Scan the data below for the string "Bedroom". Copy every line where it appears.

(Stored items)
══════════
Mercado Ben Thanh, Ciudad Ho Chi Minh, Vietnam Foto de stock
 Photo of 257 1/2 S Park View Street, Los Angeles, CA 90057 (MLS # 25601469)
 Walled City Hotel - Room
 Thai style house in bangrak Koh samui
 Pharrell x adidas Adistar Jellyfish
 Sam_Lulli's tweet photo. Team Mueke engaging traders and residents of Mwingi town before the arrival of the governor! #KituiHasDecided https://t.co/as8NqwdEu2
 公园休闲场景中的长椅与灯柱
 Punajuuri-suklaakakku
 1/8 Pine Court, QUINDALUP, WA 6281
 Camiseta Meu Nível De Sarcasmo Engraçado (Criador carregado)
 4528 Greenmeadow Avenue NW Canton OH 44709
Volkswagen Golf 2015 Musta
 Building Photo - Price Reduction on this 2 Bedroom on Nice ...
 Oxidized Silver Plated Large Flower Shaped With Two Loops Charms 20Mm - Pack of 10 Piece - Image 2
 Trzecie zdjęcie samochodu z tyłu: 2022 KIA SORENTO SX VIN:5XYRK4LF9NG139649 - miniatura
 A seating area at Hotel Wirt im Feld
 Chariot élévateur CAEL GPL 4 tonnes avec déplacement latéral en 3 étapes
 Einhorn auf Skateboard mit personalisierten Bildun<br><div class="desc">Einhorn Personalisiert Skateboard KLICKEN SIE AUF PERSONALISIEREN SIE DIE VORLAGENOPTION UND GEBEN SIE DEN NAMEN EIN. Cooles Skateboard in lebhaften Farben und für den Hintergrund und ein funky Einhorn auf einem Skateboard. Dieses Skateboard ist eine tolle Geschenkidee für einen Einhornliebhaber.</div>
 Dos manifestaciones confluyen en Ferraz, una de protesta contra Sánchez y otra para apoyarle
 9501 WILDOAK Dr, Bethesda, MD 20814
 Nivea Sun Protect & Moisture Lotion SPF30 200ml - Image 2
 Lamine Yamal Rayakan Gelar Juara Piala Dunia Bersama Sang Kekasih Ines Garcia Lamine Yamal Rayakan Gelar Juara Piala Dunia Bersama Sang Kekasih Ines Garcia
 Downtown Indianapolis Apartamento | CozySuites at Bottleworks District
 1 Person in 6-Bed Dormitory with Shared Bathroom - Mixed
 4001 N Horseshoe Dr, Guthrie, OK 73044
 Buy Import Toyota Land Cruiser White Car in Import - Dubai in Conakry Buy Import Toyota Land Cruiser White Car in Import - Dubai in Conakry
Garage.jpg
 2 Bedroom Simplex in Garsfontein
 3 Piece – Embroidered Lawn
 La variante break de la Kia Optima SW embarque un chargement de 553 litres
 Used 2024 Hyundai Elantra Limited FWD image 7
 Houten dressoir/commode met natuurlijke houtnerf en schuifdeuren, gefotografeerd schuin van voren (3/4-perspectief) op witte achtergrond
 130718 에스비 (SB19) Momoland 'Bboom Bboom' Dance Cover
══════════
◆ The answer ◆
 Building Photo - Price Reduction on this 2 Bedroom on Nice ...
 2 Bedroom Simplex in Garsfontein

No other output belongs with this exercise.